With the advent of the Food Network and other contributions to the national food obsession, there are more people than ever wanting to eat out at restaurants. The standard bar for cuisine has been raised higher over the years and the average customer has become much more sophisticated as a result. Consequently there are millions of food crazed potential patrons wondering the streets of our nation in search of a fun night out while trying to retain their homes at the same time.
The mortgage and credit crises, coupled with huge increases at the pump and a myriad of other factors has put our potential customers in a bind. Do they put another meal on the credit card, or do the smart thing and eat at home for a change. I only say this because I am in the same bind. As a free lance chef in the wine country of Northern California, I have watched my event business dwindle drastically over the past year, almost to the point where I am considering auditioning for a reality show just so that I can keep busy for the next few months (unless of course I get booted off in the first round).
Unfortunately there is no concrete fix for the dilemma looming in our industries future, because there are far too many variables. The success of any given restaurant, recession or not, has to do with a large range of factors including; the city and neighborhood of origin and its inherent economic base, reputation, price point and so on and so forth. The fact is that every business is different and subsequently has a different set of issues to deal with.
I do know however, that in many cities around the country entrepreneurs are beginning to forgo the idea of opening full fledged dining establishments all together, in favor of trendy new fast food concepts where the overhead of running a dining room is done away with entirely.
Of course the rich will always get richer in times like these (because they just bought our homes for a steal) so the very best establishments in any given area will probably always do well, but that does nothing for the average Americans who have to cut somewhere.
If you own and operate a food business at this point in time, or you are helping to manage one now is the time to take stock of your future. If your numbers have begun to slide as of late this is an obvious thought, but the same goes for those establishments that are still thriving, because it is better to be prepared than not. Listed below are a few thoughts on how to either get back on a solid track, or remain solid through the lean times.
- If your establishment is not keeping a tight rein on the numbers through inventory, labor and other cost controls, now is the time to do so with a vengeance. This will help give you a concrete idea of where your business stands.
- Take the pulse of your neighborhood, by talking to your customers and local business colleagues. This not only helps to garner a sense of what is happening around you, it also can provide valuable information on the needs of your client base as the economy changes.
- As your information builds through collecting Profit and Loss Statements and so forth, begin to put together future projections including every tiny detail of your establishment, as a way to get an idea of where you might be headed and how to prepare.
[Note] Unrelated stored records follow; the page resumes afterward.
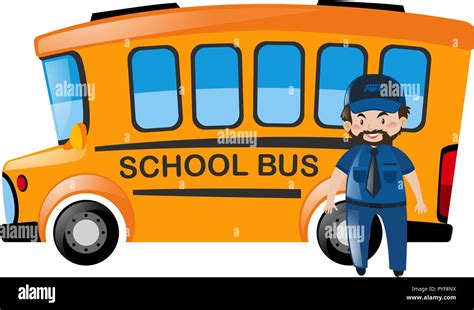 Bus driver standing in front of school bus illustration Stock Vector Image & Art - Alamy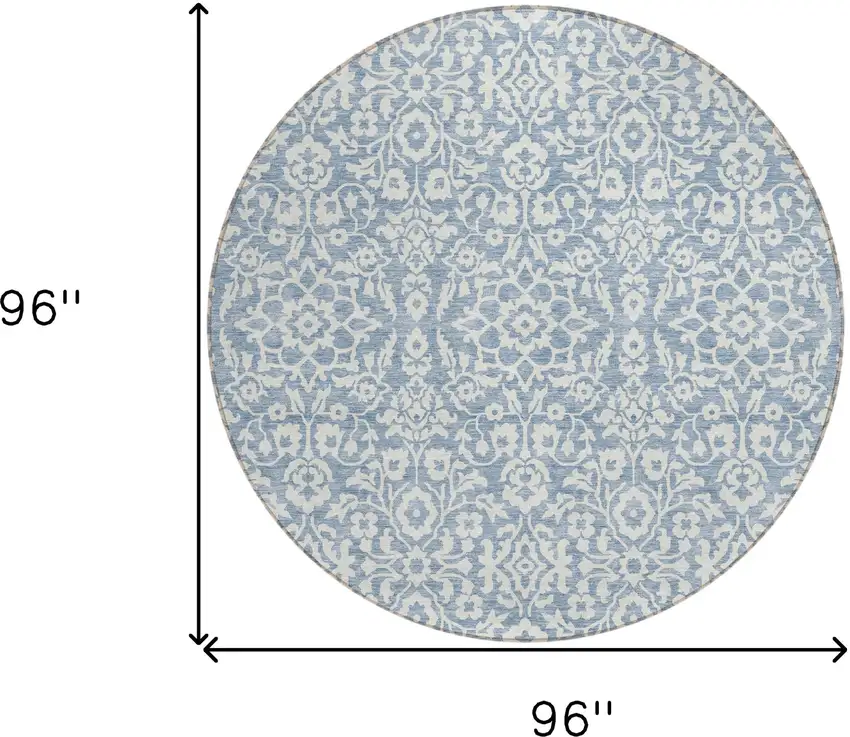 8' Denim Blue And Ivory Round Damask Washable Indoor Outdoor Area Rug Photo 3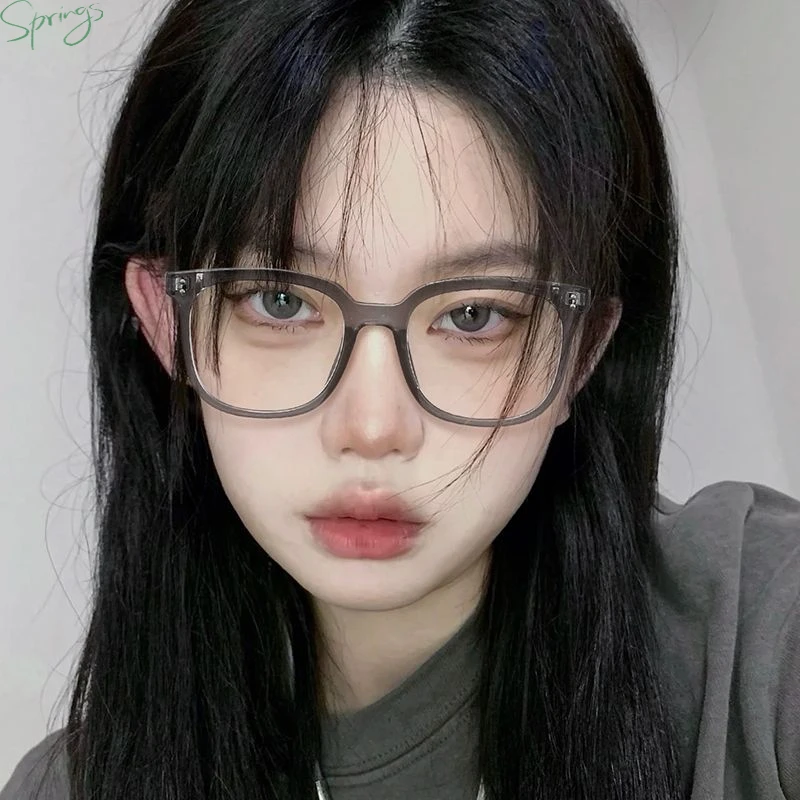 气质灰网红黑框素颜眼镜女韩版潮近视可配度数防蓝光防辐射平光镜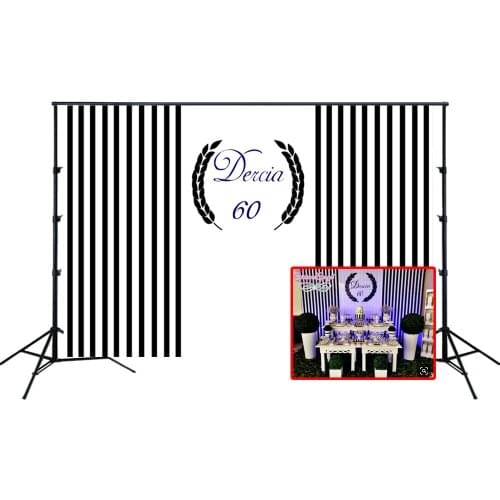 Custom Adults Birthday Party Backdrop Black Stripes Banner Ear Of Wheat Elegant Photo Background Wall Setter Poster Decoration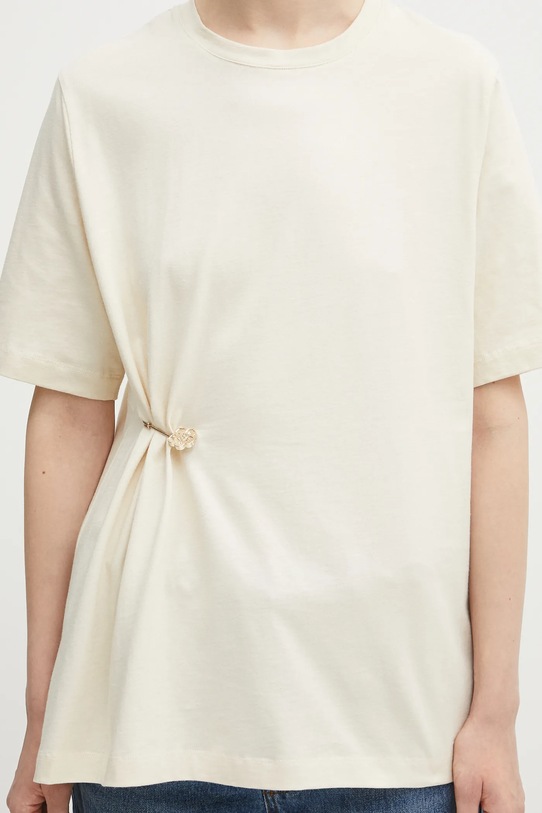Kenzo t-shirt bawełniany Gots Drap Detail Loose beżowy FF62TS3514SG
- Tighten up your labor cost as much as possible, both by trimming the fat and motivating the stars on your staff to produce more efficiently.
- Focus on improving the quality of your food and service where ever possible as a way to not only keep the customer you have wanting more, but to continue to acquire new ones. Fact is, when times are tough people tend to be much more discerning when it comes to spending there money.
- Be flexible in any way possible, allowing for change to occur where needed
- Keep your chin up with the knowledge that all of us are in the same boat and as long as we are doing are best, we can hope for it in return.